Both The Dreamers and Les Amants Réguliers take place in Paris, at least partly in 1968. Both films star Louis Garrel (who, by the way, is dreamy, though googling for pictures of him reveals a somewhat misguided choice of hairstyles). So, going into Les Amants Réguliers, I expected something roughly like The Dreamers.

There’s a pretty good chain of DVD stores in the Netherlands called “DVD Valley”, good in great part because they sort their films by genre, and not alphabetically. Two of the genres they have are “Arthouse” and “Arthouse light”. The Dreamers definitely fits under the arthouse light category, despite all the full frontal nudity. Les Amants Réguliers? Far out in the hardcore arthouse field. And you know what? I kinda really liked it. To put it more precisely: it reminded me of what film can do, reminded me that indie films aren’t just be about a slower pace or quirkier characters, but that true arthouse films can be an entirely different experience from traditional narrative film.

This is a black and white film with barely the outline of a plot which nonetheless manages to be three hours long, with long almost static takes in which little happens, only scatterings any background music in the first half, and characters with no clear personality traits.
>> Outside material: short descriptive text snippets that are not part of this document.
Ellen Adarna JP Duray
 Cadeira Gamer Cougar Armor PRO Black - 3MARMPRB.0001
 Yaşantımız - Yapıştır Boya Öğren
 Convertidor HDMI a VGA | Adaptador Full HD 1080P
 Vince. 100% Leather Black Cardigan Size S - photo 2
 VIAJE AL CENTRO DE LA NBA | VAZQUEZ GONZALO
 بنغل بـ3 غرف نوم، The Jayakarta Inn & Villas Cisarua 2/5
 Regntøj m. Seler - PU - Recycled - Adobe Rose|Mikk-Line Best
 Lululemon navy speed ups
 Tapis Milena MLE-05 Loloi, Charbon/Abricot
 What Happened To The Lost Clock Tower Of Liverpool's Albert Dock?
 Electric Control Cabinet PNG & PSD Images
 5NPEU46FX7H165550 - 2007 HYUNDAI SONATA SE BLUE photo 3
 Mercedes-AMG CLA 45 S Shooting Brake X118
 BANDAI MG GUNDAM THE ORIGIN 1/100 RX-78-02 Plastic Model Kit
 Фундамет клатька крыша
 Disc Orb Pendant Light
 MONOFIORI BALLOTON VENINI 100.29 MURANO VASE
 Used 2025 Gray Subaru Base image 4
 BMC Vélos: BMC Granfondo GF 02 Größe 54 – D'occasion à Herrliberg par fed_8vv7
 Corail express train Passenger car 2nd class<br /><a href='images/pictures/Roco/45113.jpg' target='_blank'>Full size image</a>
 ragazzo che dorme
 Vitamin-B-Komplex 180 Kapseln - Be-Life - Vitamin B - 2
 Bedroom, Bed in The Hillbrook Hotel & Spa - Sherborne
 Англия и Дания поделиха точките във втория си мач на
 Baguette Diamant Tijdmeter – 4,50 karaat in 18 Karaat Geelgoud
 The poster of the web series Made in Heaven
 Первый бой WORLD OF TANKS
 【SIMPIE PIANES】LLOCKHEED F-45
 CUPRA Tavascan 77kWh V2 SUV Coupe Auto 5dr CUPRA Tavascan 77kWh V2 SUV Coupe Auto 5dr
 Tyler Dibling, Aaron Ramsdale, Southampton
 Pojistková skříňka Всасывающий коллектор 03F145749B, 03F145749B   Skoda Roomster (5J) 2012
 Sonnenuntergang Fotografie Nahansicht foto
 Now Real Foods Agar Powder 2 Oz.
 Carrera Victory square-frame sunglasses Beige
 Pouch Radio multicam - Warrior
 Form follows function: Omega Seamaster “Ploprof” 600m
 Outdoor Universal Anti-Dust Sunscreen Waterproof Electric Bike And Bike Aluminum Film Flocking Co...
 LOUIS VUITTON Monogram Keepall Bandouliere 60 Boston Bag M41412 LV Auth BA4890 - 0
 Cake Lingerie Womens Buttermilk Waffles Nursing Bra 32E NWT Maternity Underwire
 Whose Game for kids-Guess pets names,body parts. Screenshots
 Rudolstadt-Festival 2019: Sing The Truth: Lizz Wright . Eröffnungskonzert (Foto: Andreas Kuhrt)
I understand entirely if it sounds like torture to sit through it.

The film gets to the Paris riots pretty soon, long before it gets to any part involving lovers, in any case. Molotov cocktails and police charges. Sounds exciting? Not really. There is only extremely long take showing people throwing Molotov cocktail after the other at a burning car, with a few people in the foreground with helmets on watching impassively, a girl with a similar helmet kissing a guy, the main character crouching on the ground, standing up, crouching again. They move a car, throw it on its side as a barricade.

This sequence is crucial in the film, I believe, because it allows you to let go. It was during this passage that I stopped trying to make sense of things, look for the usual signs of narrative, stopped registering everything so precisely. It’s when I stopped watching the film to much and just let myself be carried away. And I love that, especially in the cinema, just letting you forget yourself for a moment (and I’ll admit, in one very slow passage, close my eyes for a few seconds). It’s why I loved La Dolce Vita and 8 1/2, though this film was far from Fellini’s level, the individual passages much less fascinating, the artistic vision much less clear, and, to be honest, the characters a little generic. Interchangeable, even, at points. Despite these failings, the film took me somewhere else for a few hours, somewhere a lot less glamorous than I like imagining it, but in a way that I had somehow managed to forget existed.